4.4 Generalization Analysis
In this section, the models with better generalization are analyzed. This is due to the fact that in the training stage and because of the training data shortages, all the aforementioned models have overfitting to a certain degree. Also, although the Micro and Macro F1 scores are reliable metrics for measuring the performance of a network, these metrics are skewed, since they were calculated with a reduced set of only 62 images. From the above, we present a discussion on the best model to use for the classification of the estrous cycles and this is not the model that obtained the highest percentage in terms of classification.
From Figure 8, we can conclude that the architecture that presents the lower overfitting is the LeNet-5 network (shown in red). This is because it has the smallest difference between the percentages of validation and test with a classification percentage greater than 80%. Also, the use of the Modified VGG-16 network (VGG-16-M), turns out to be a good option, with a difference of 0.022% between the test and validation percentage, and a good 82% in test.
Notice that these percentages vary with respect to the percentages shown in Table 2. The latter shows the highest training rates, but they have up to 15% of overfitting, and the percentages shown in Figure 8 are the classification percentages of the architectures with the lowest degree of overfitting.
Regarding the classification of the second dataset (2 classes), from Figure 9 we can see that as far as over-training is concerned, any of the architectures used is a good option. This is because of the difference between the maximum and minimum percentage of overfitting is only 0.04 percent. This leads us to focus on the neural network with the highest percentage of classification, which in this case is the Modified VGG-16 network, which has a classification of 98.38%, and it turns out to be the best option for the dataset of 2 classes.

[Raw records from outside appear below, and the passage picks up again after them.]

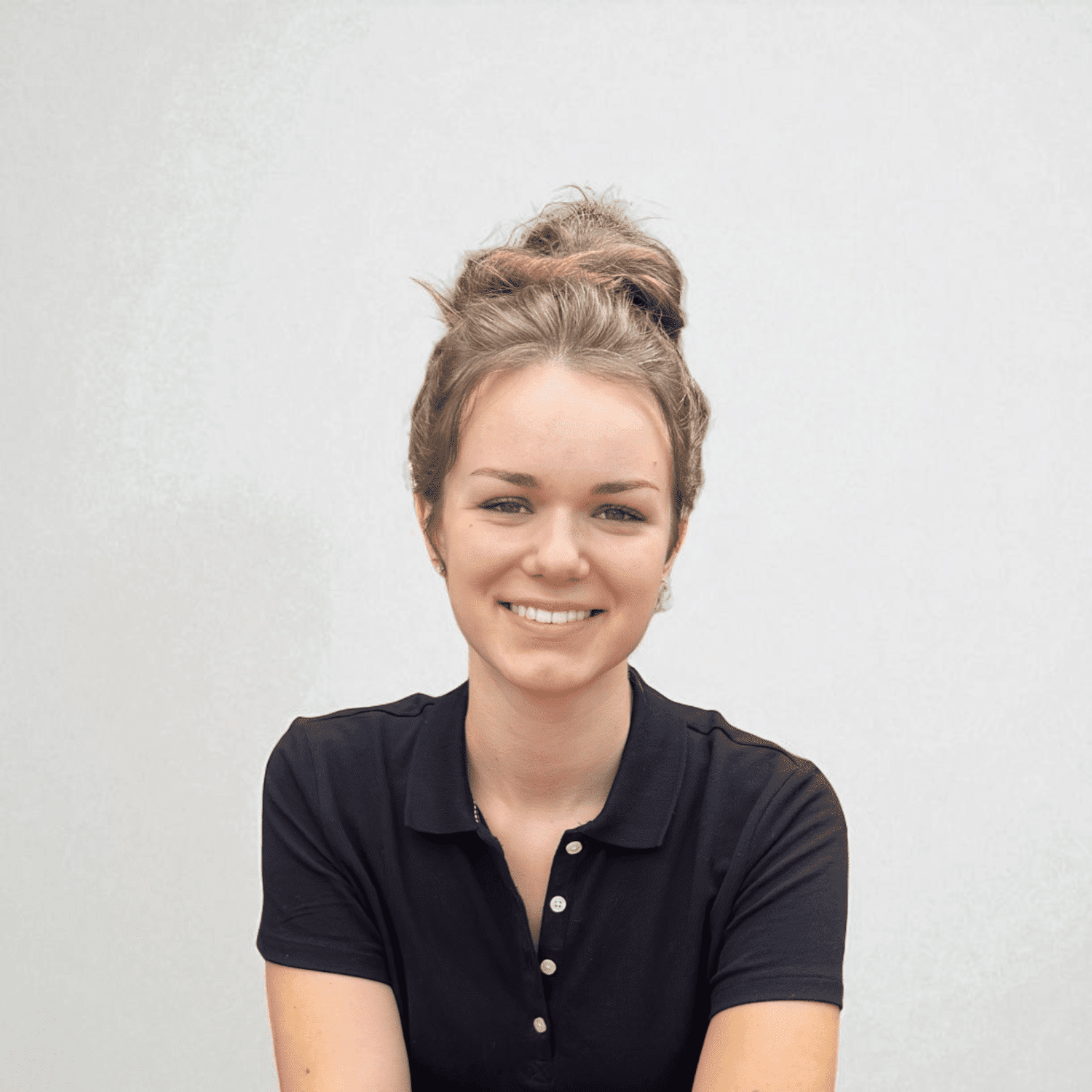 Portrait of Anastashia	M, a professional stylist at Design 1 Salon & Spa, showcasing their expertise and style.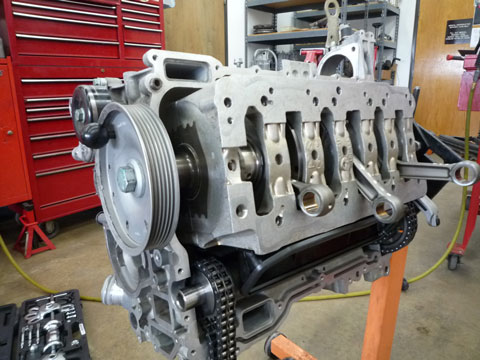 Image of Porsche motor engine being rebuilt.
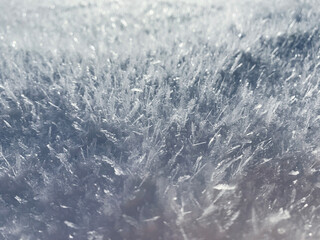 Crystal snow background. Macro ice sparkle backdrop. Winter icy snowy surface. Fluffy Christmas snow closeup.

5 Conclusion and Future Work
The contribution of this work is the automatic classification of the estrous cycle through the automatic feature extraction. A methodology for the autonomous classification of the estrous cycle was presented in their four stages: Proestrus, Estrus, Metestrus, and Diestrus, as well as the classification of stages with high hormonal levels (Estrus and Proestrus) which are used for population control. In the first case, 82% of accuracy was reached while in the second case it was 98.38%.

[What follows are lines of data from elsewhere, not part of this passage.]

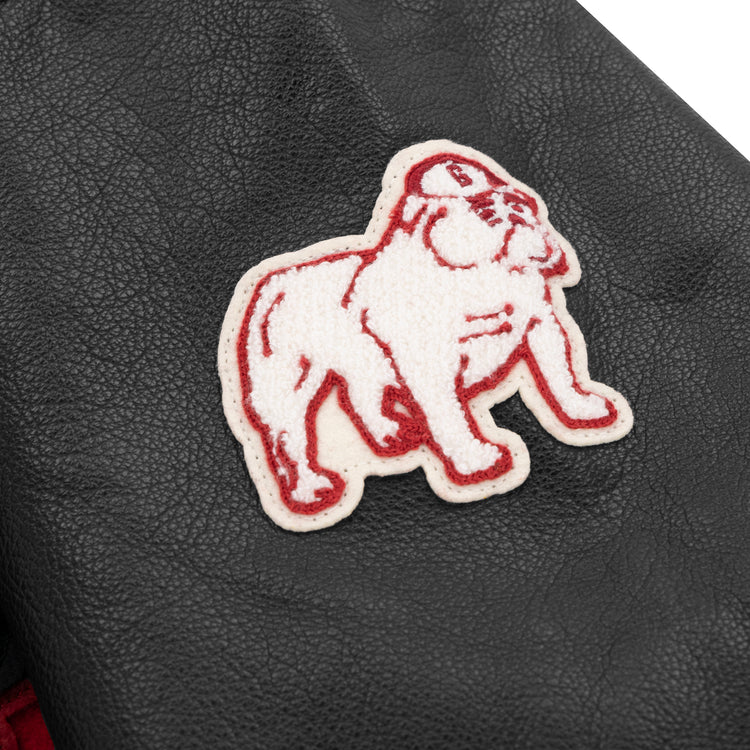 A white and red bulldog patch with a cap is sewn onto black leather, capturing the classic spirit of the EFF University of Georgia 1939 Authentic Jacket.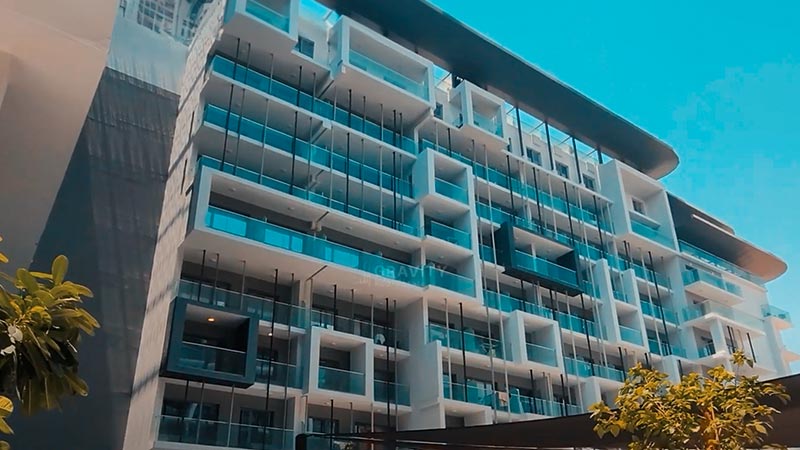 view of the Oasis 1 from the outside showing balconies made of glass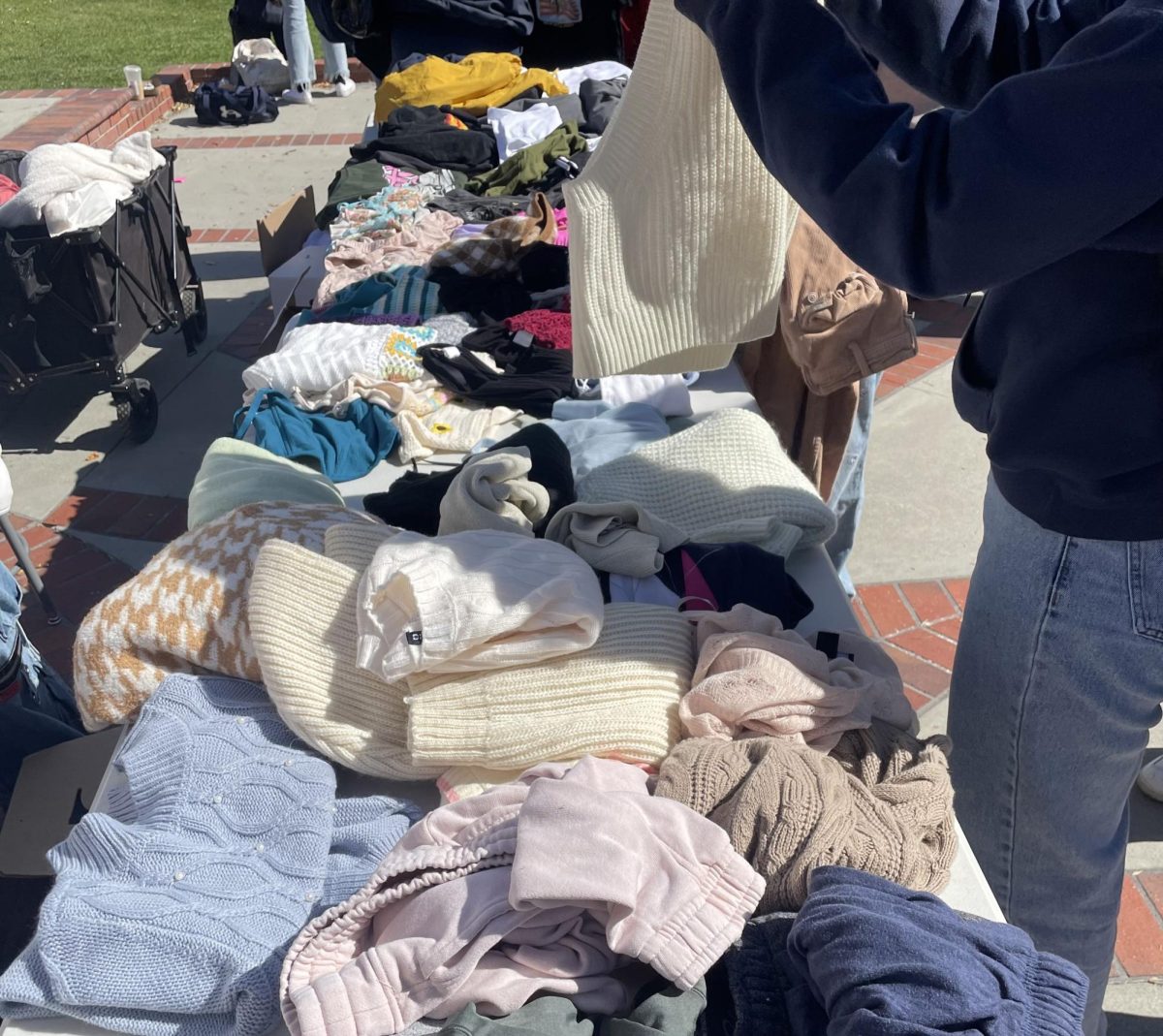 Photo of people digging through the donated clothing. 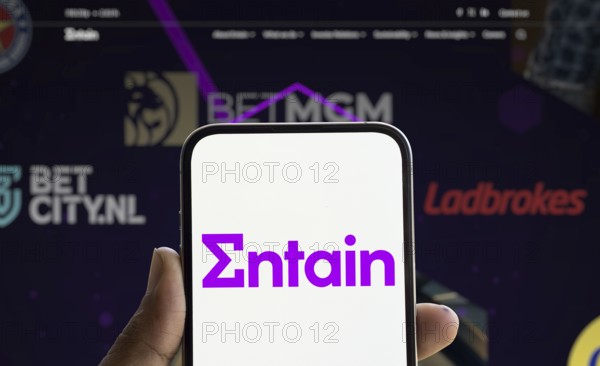 Dhaka, Bangladesh- 28 Nov 2024: Entain logo is displayed on smartphone.Entain plc is an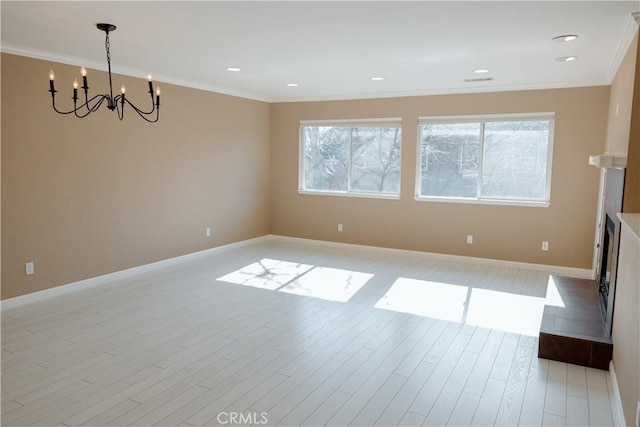 spare room featuring ornamental molding, a notable chandelier, and light wood-type flooring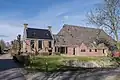 Kop-hals-rompboerderij met onderkelderd voorhuis met zesruitsvensters tussen topgevels waarboven schoorstenen met borden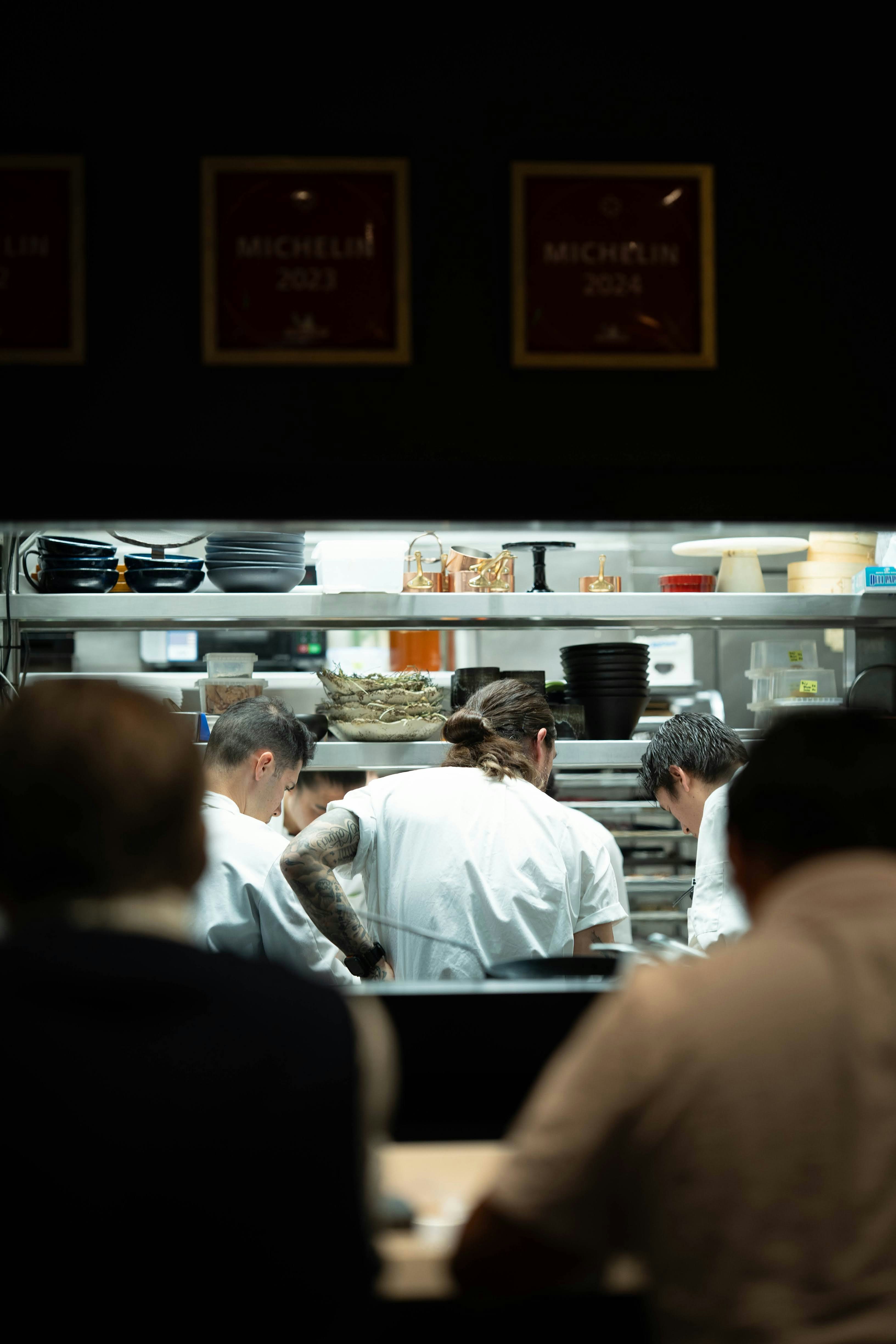 Chefs working in a busy restaurant kitchen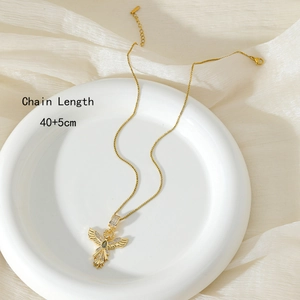 Golden phoenix wing necklace with zircons and green stone detail on white plate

The results obtained are considered sufficient to solve the problem of population control. However, the classifiers have problems separating the stages Metaestrous and Diestrous, so it is necessary to improve the features for these stages by increasing the number of images. In this direction, we prove that the automatic feature extraction of the CNNs is more robust than the proposed manual feature extraction in terms of generalization of neural networks, which translates into greater reliability in terms of classification. As future work, we intend to expand the dataset, in order to provide a reliable classification of the estrous cycle using convolutional neural networks as well as design an expert system based on the graphic tool proposed by Byers [3].